It appears that the ongoing ultrawideband (UWB) standards quandary hasn’t scared off investors. Alereon, an Austin, Texas-based startup, said Tuesday that it has secured $31.5 million in venture capital funding, the largest investment yet in the industry.
Austin Ventures led the Series A round. Additional investors included Centennial Ventures, Pharos Capital, and Kinetic Ventures. The company, a spinoff of UWB pioneer Time Domain, said it expects to close a small amount of additional funding early this year.
Alereon will use the funding to complete product development on its UWB chipset and for sales and marketing efforts, said Jeff Ross, the company’s executive vice president. He said the financing would carry the company through the end of 2005 and “well into initial revenues.”
The chipset combines a UWB radio with a media access control (MAC) layer, baseband, antenna and software. It’s designed to wirelessly connect consumer electronics devices, PCs, PC peripherals and mobile devices at very high speeds (over 100Mbps), over short distances, using low power. The company plans to begin sampling the chipsets in the third quarter, and ship them in the fourth quarter.
The fact that Alereon is offering a complete package sets it apart, Ross said. “Where the other companies are just doing a MAC or just doing a radio, we’re doing the whole thing.”
The chipsets will be based on the UWB specification from the Multiband OFDM Alliance (MBOA), an industry group whose members include Intel, Texas Instruments and Alereon. Many expected that specification to become the basis for the IEEE 802.15.3a standard for high-speed, short-range wireless networking (it still may be), but pressure from a rival group led by Motorola has led to a stalemate in the voting process.
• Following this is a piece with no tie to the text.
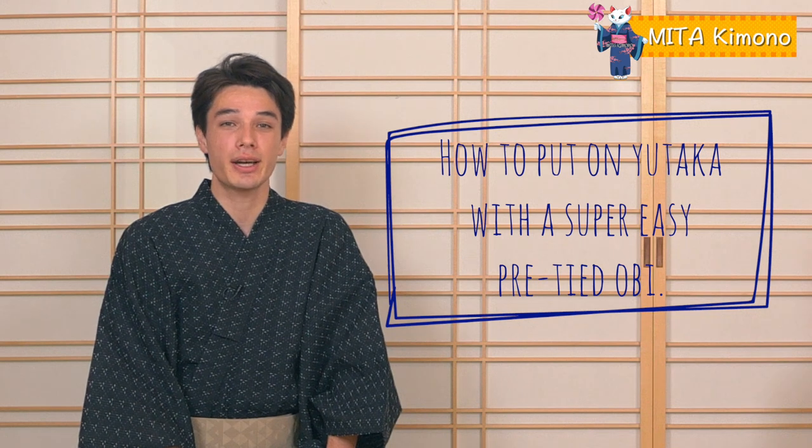Do you want to try on a Japanese Yukata? You might think it's very complicated, but actually it is easy and comfortable. Today we are going to show you how to put on a Yukata with a super easy pre-tied obi.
The MBOA is moving ahead with its spec, though, with or without the IEEE’s blessing. The group plans to release a draft specification in February, followed by a final release in May and expects MBOA-based products to hit the market in the first half of 2005. While the MBOA will continue to lobby the IEEE for its proposal, it now seems that the spec isn’t likely to be ratified until it proves itself in the market.
Ross said that while he of course would prefer to have IEEE approval before shipping the chipset (the next IEEE meeting is next week in Vancouver, British Columbia, but most industry watchers don’t expect any break in the deadlock), he’s not concerned about going to market with a pre-standard product.
“The reason that you need a standard is to ensure interoperability, ensure that there will be multiple sources, and ensure that you’ll have market momentum. Right now, we have 42 companies backing the MBOA standard. We have seven of the 10 largest semiconductor companies in the world, all of the consumer electronics companies, all of the PC companies — anyone you could mention, except Motorola. We not only have all the suppliers, … we have all the customers as well. So we’re fairly sure the MBOA meets those criteria.”
He called MBOA compliance “the next best thing” to IEEE approval. “It should provide sufficient comfort to the suppliers and the customers that they can move forward.”
Alereon has several partnerships in place, according to Ross, but he could not disclose any details. “We will be making some announcements probably toward the end of the second quarter,” he said.
For now, he said, the company is focusing on PC peripherals such as printers, video cameras and storage devices. “We think the adoption will be quicker on the PC side than on the CE side, and that’s simply because if you look on the CE side, there’s about five companies that drive the market. On the PC side, there’s a single company — Intel.”
Research firm Parks Associates also believes that UWB will find early success in the PC industry as a cable replacement technology. A recent study predicted that PCs and peripherals will account for 70 percent of UWB-enabled devices in 2005, while fixed CE devices such as set-top boxes and high-definition TVs will comprise only 5 percent. However, the study indicated that UWB will eventually catch on in the fixed CE space and ultimately overtake the PC market by 2008.
In the meantime, Ross said that Alereon will contemplate improvements to its chipset. For starters, he said, there’s room to grow in the three-band radio; adding more bands could produce higher data rates. He also noted that the company will probably move from a two-chip solution to a single-chip CMOS product.